[Assignment] An exact copy of every record is needed, with all pictures omitted.

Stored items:

>>

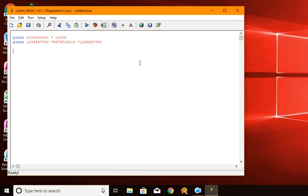Now, what you've got to remember about this is that when Liberty Basic does the math on a very, very large integer like that, that would cause it to become a floating point value — then it can't keep up with that number of digits of precision. So it has to convert it into a floating point number.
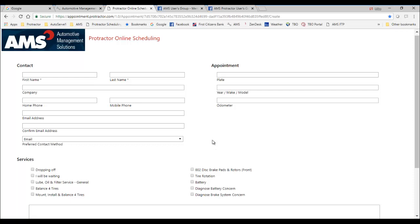So the customer goes to your website, clicks the button, this window pops up and this is what the customer fills out.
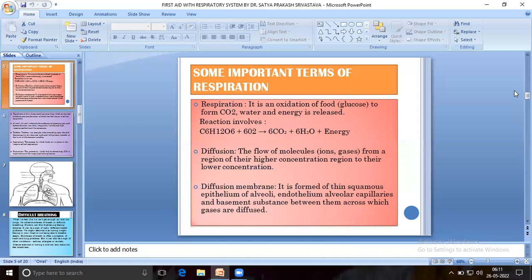Some important terms of respiration. Respiration is the oxidation of food glucose into CO2, water and energy, represented by: C6H12O6 + 6O2 = 6CO2 + 6H2O + energy. Diffusion is the flow of molecules from a region of higher concentration to a region of lower concentration. Diffusion membrane is formed by the thin squamous epithelium of alveoli, endothelium, alveolar capillaries and basement substance between them, across which gases are diffused.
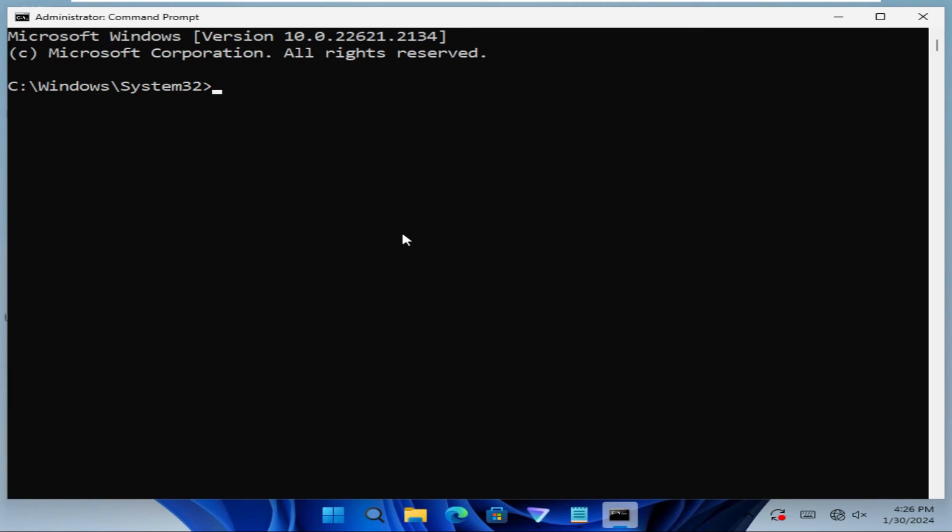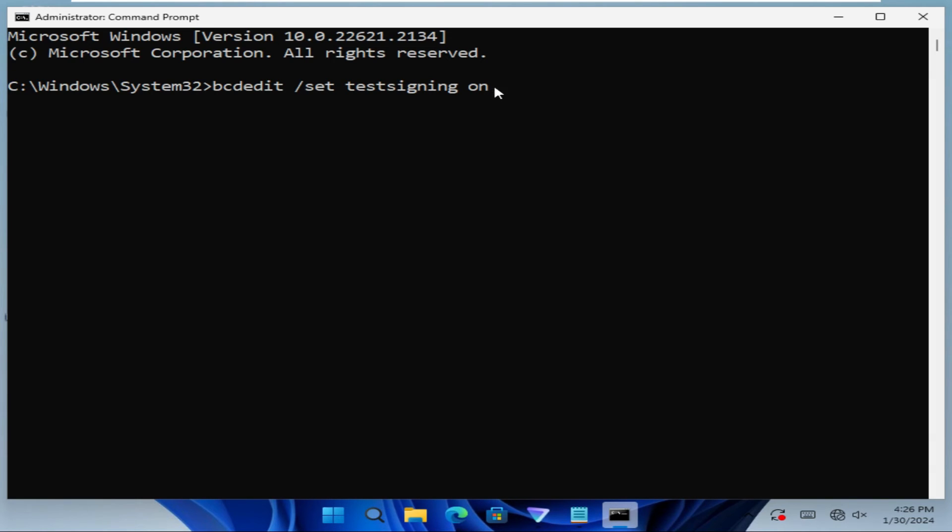Command prompt has been opened. Now type the command: bcdedit /set testsigning on. Now hit enter. The operation completed successfully.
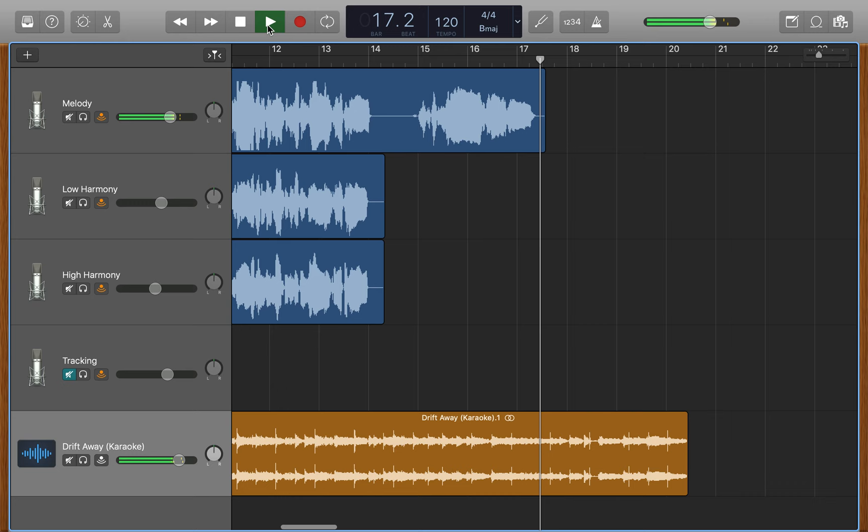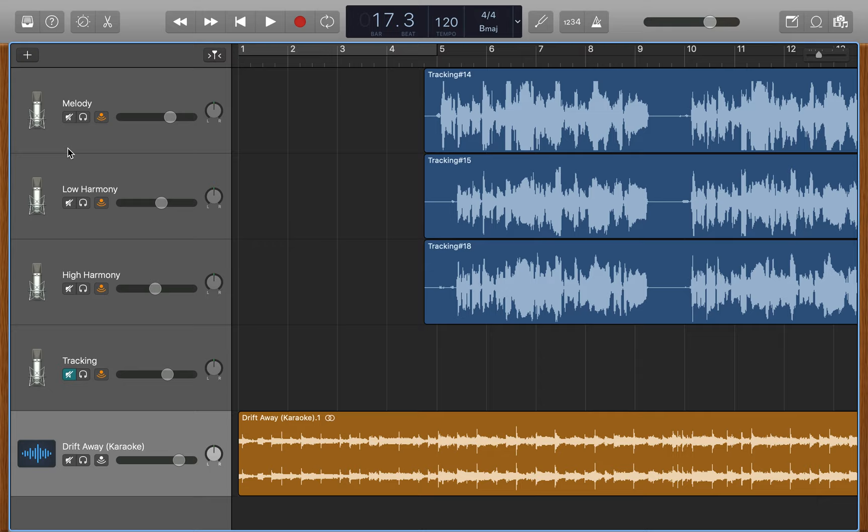Okay, so that's all three of the parts together here. Sorry, my computer's making that noise. So let's do just the melody here with the track. Let's see how that one sounds.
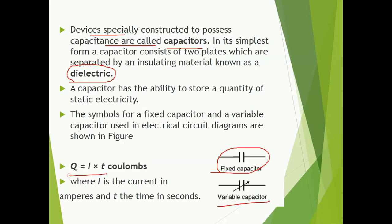Q is equal to I into T. This is the charge, where I is the current in amperes and T is the time period in seconds.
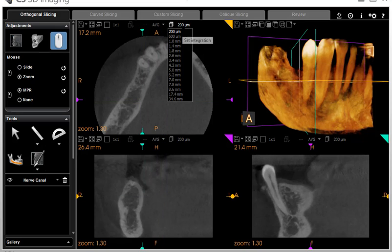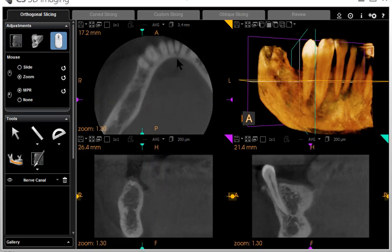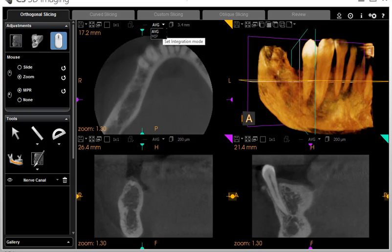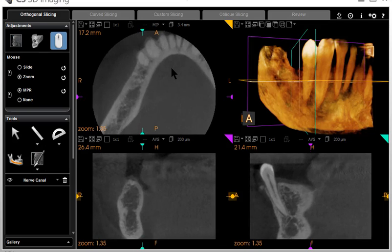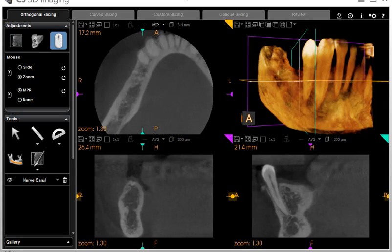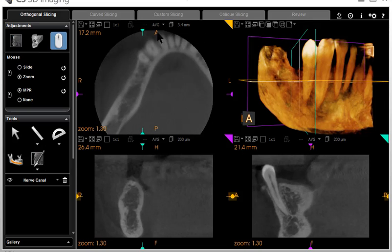This is the width of the slice. If you want to thicken the slice, you do that. Usually if you thicken it, you need to change it to MIP from average.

<<

[Answer to the exercise]
Now, what you've got to remember about this is that when Liberty Basic does the math on a very, very large integer like that, that would cause it to become a floating point value — then it can't keep up with that number of digits of precision. So it has to convert it into a floating point number.
So the customer goes to your website, clicks the button, this window pops up and this is what the customer fills out.
Some important terms of respiration. Respiration is the oxidation of food glucose into CO2, water and energy, represented by: C6H12O6 + 6O2 = 6CO2 + 6H2O + energy. Diffusion is the flow of molecules from a region of higher concentration to a region of lower concentration. Diffusion membrane is formed by the thin squamous epithelium of alveoli, endothelium, alveolar capillaries and basement substance between them, across which gases are diffused.
Command prompt has been opened. Now type the command: bcdedit /set testsigning on. Now hit enter. The operation completed successfully.
Okay, so that's all three of the parts together here. Sorry, my computer's making that noise. So let's do just the melody here with the track. Let's see how that one sounds.
Q is equal to I into T. This is the charge, where I is the current in amperes and T is the time period in seconds.
This is the width of the slice. If you want to thicken the slice, you do that. Usually if you thicken it, you need to change it to MIP from average.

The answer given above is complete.